On 16/05/2022 09:53, Li Zhijian wrote:
> Since RXE always posts RDMA_WRITE successfully, it's observed that
> no more completion occurs after a few incorrect posts. Actually, it
> will block the polling. we can easily reproduce it by the below pattern.
>
> a. post correct RDMA_WRITE
> b. poll completion event
> while true {
>    c. post incorrect RDMA_WRITE(wrong rkey for example)
>    d. poll completion event <<<< block after 2 incorrect RDMA_WRITE posts
> }
>
>
> Li Zhijian (2):
>    RDMA/rxe: Update wqe_index for each wqe error completion
>    RDMA/rxe: Generate error completion for error requester QP state
>
>   drivers/infiniband/sw/rxe/rxe_req.c | 12 +++++++++++-
>   1 file changed, 11 insertions(+), 1 deletion(-)
>
Re: [PATCH v3 0/2] RDMA/rxe: Fix no completion event issue
Posted by Yanjun Zhu 3 years, 10 months ago
在 2022/6/7 16:32, lizhijian@fujitsu.com 写道:
> Hi Json & Yanjun
>
>
> I know there are still a few regressions on RXE, but i do wish you could take some time to review these *simple and bugfix* patches
> They are not related to the regressions.

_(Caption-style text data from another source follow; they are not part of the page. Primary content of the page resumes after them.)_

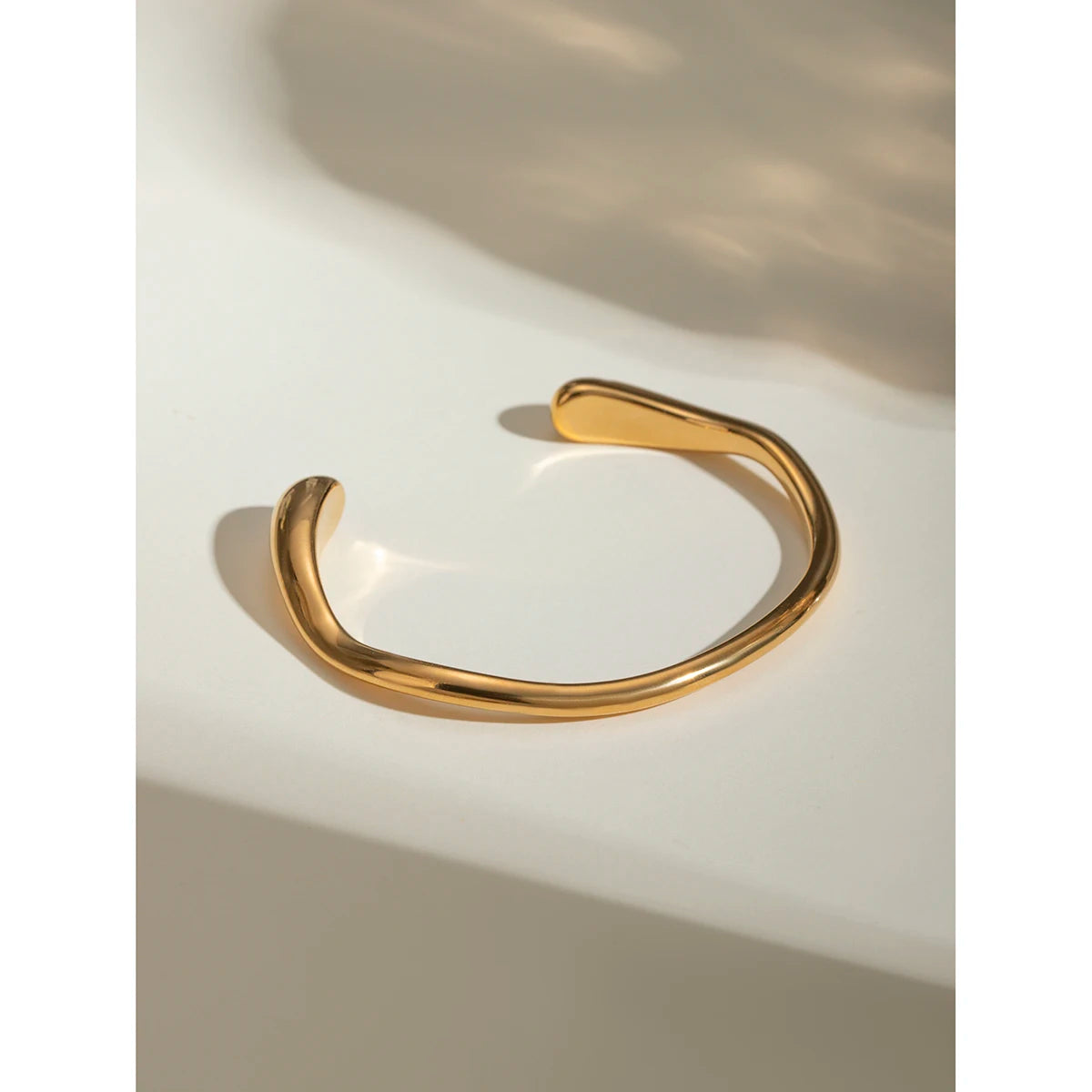 Isia Golden Bracelet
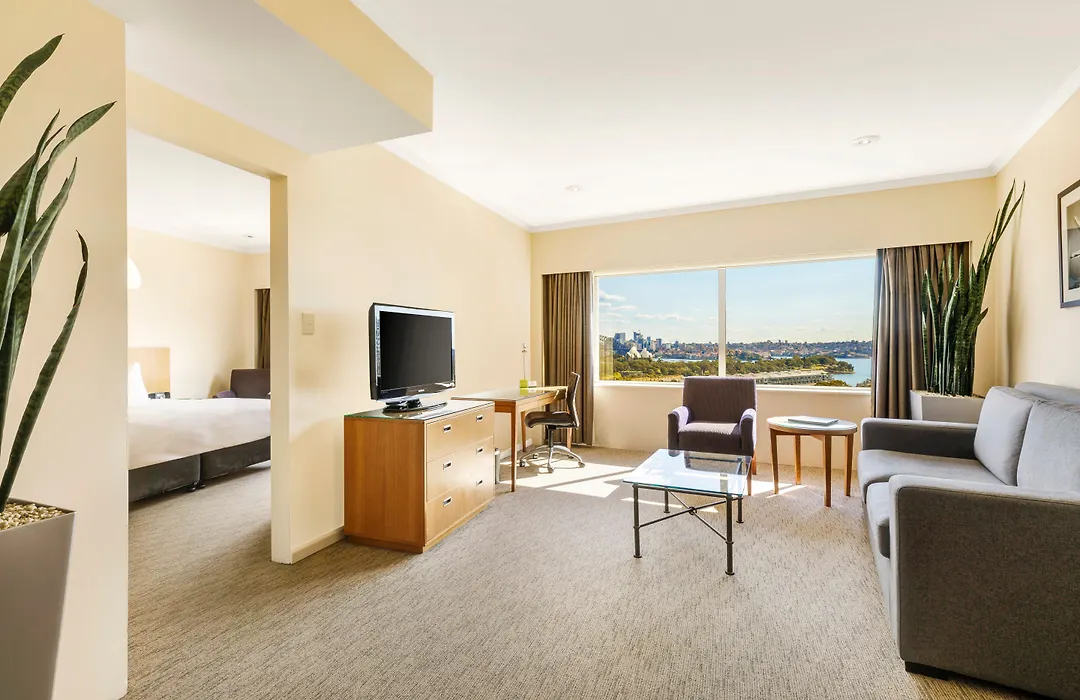 Holiday Inn Sydney Potts Point-1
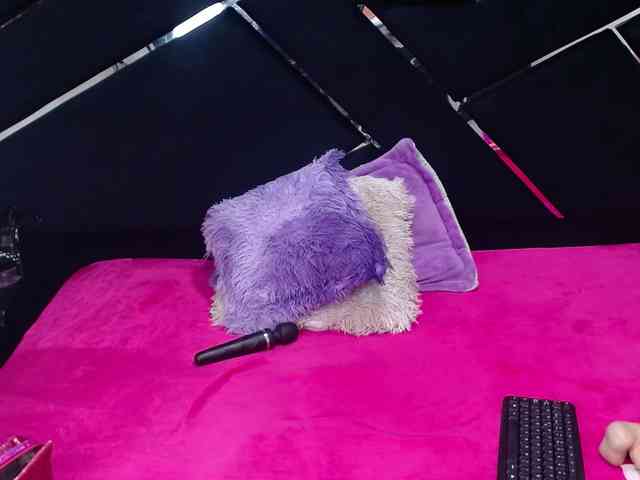 SalmaSantos webcam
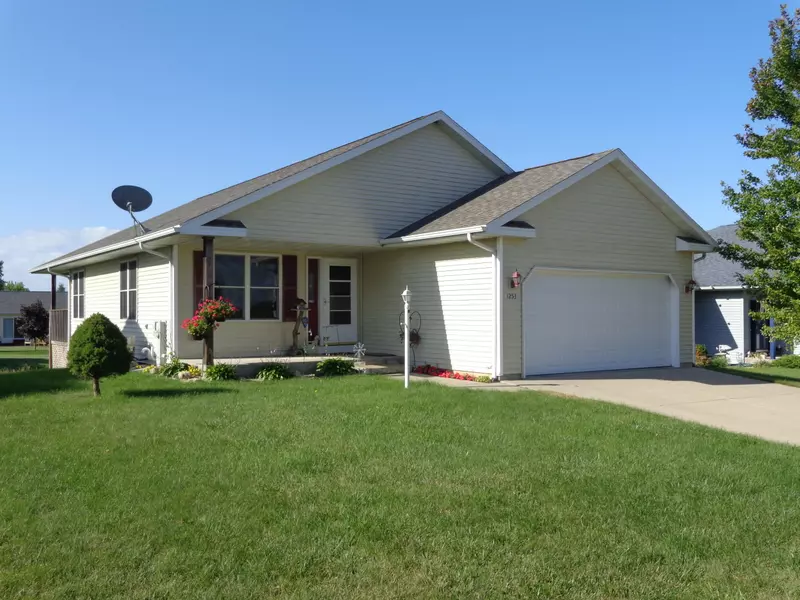 1253 Peninsula Ln, Whitewater, WI 53190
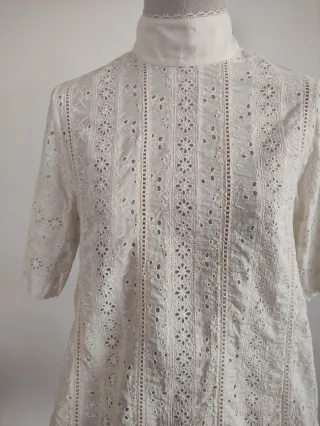 Blusa antigua bordada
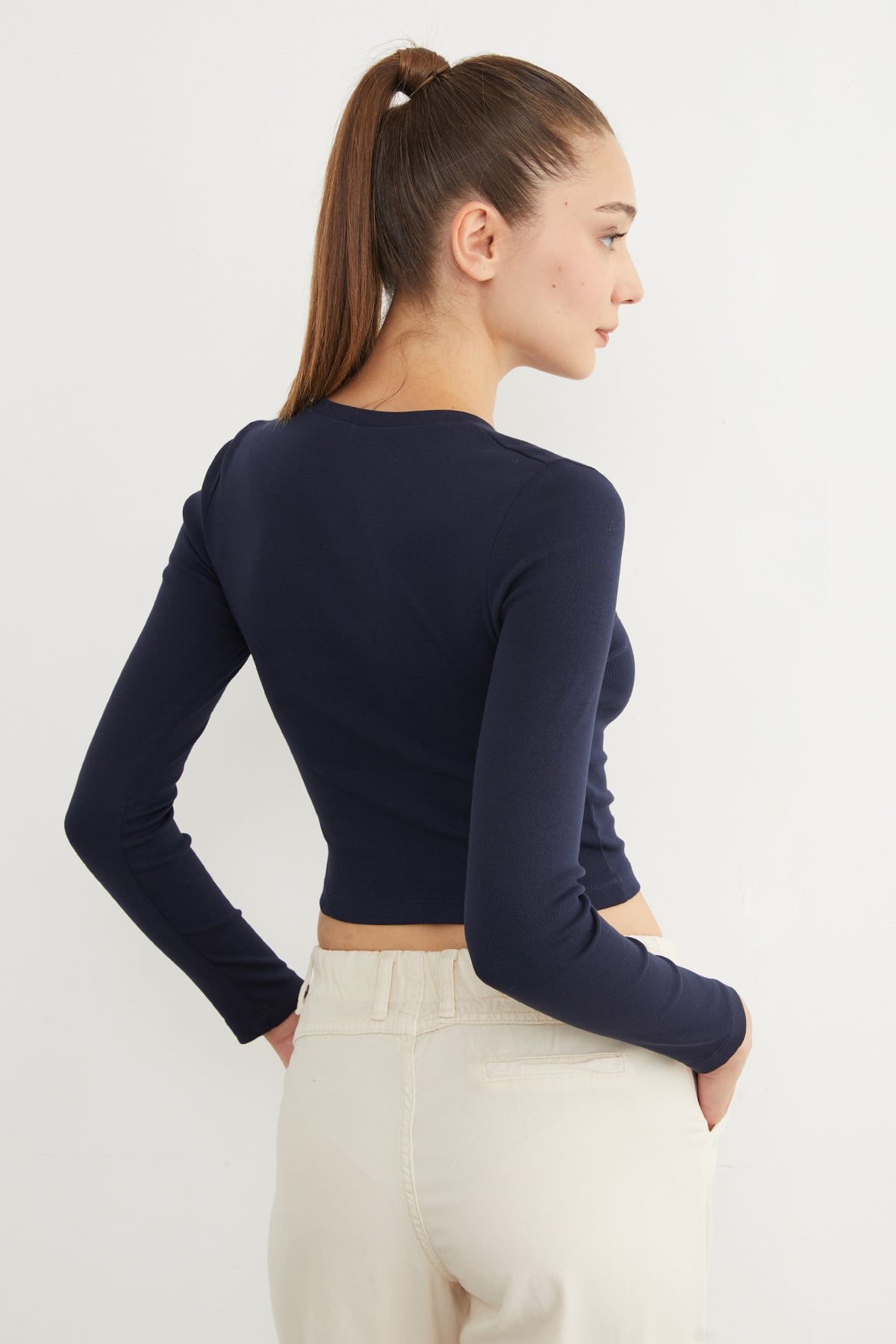 Basic Bisiklet Yaka Uzun Kollu Crop Body 6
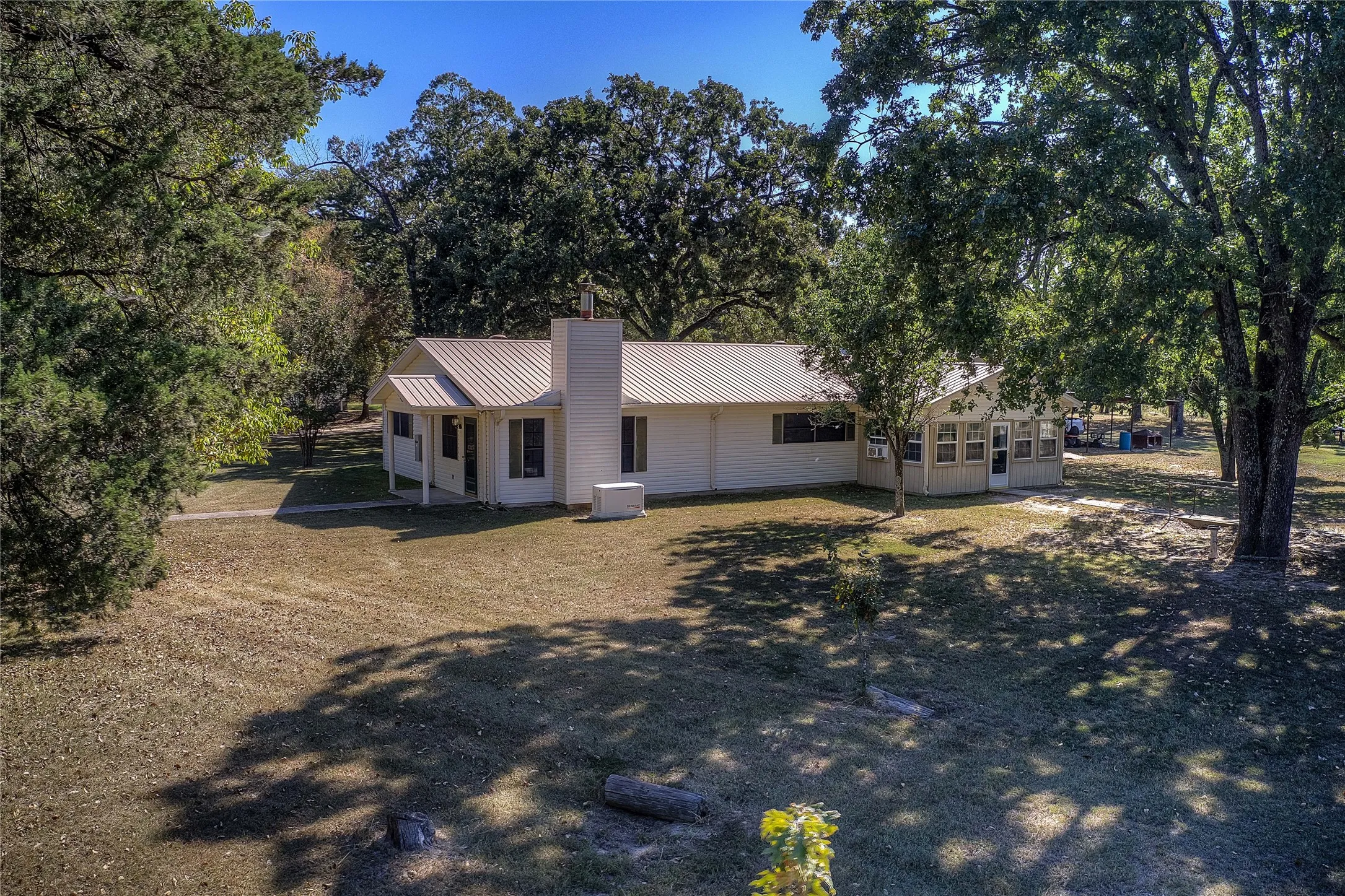 Single Family Residence For Sale in Wood County , 331 County Road 1887, Yantis, Texas 75497, 3 Bedroom, 2 Bathroom, Garage spaces, 1,850 Sqft, built in 1997, Preowned, mls#21080562, Real Estate Agent in Yantis, Homes For Sale in Wood county, Homes For Sale in Yantis, Realtor in Yantis Texas, Real Estate Brokerage Independent Realty Texas, Luminita Cordes Realtor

Now there are some problems from Redhat and other Linux Vendors.

We had better focus on these problems.

Zhu Yanjun

>
>
> Thanks
> Zhijian
>
>
> On 16/05/2022 09:53, Li Zhijian wrote:
>> Since RXE always posts RDMA_WRITE successfully, it's observed that
>> no more completion occurs after a few incorrect posts. Actually, it
>> will block the polling. we can easily reproduce it by the below pattern.
>>
>> a. post correct RDMA_WRITE
>> b. poll completion event
>> while true {
>>     c. post incorrect RDMA_WRITE(wrong rkey for example)
>>     d. poll completion event <<<< block after 2 incorrect RDMA_WRITE posts
>> }
>>
>>
>> Li Zhijian (2):
>>     RDMA/rxe: Update wqe_index for each wqe error completion
>>     RDMA/rxe: Generate error completion for error requester QP state
>>
>>    drivers/infiniband/sw/rxe/rxe_req.c | 12 +++++++++++-
>>    1 file changed, 11 insertions(+), 1 deletion(-)
>>
Re: [PATCH v3 0/2] RDMA/rxe: Fix no completion event issue
Posted by Li, Zhijian 3 years, 10 months ago
on 6/25/2022 8:59 PM, Yanjun Zhu wrote:
>
> 在 2022/6/7 16:32, lizhijian@fujitsu.com 写道:
>> Hi Json & Yanjun
>>
>>
>> I know there are still a few regressions on RXE, but i do wish you 
>> could take some time to review these *simple and bugfix* patches
>> They are not related to the regressions.
>
> Now there are some problems from Redhat and other Linux Vendors.
>
> We had better focus on these problems.

+ Xiao
I do believe regression is high priority,  and I'm very willing to contribute our efforts to improve the stability of RXE :)
Yang,Xiao and me tried to reproduce the issues in maillist and we also tried to review the their corresponding patches.
However actually we didn't find a unified way something like bugzilla to maintain the issues and their status, and most of
them are not reproduced by our local environment. So it's a bit hard for us to review/verify the patches especially for the
large/complicate patch if we don't have the use cases.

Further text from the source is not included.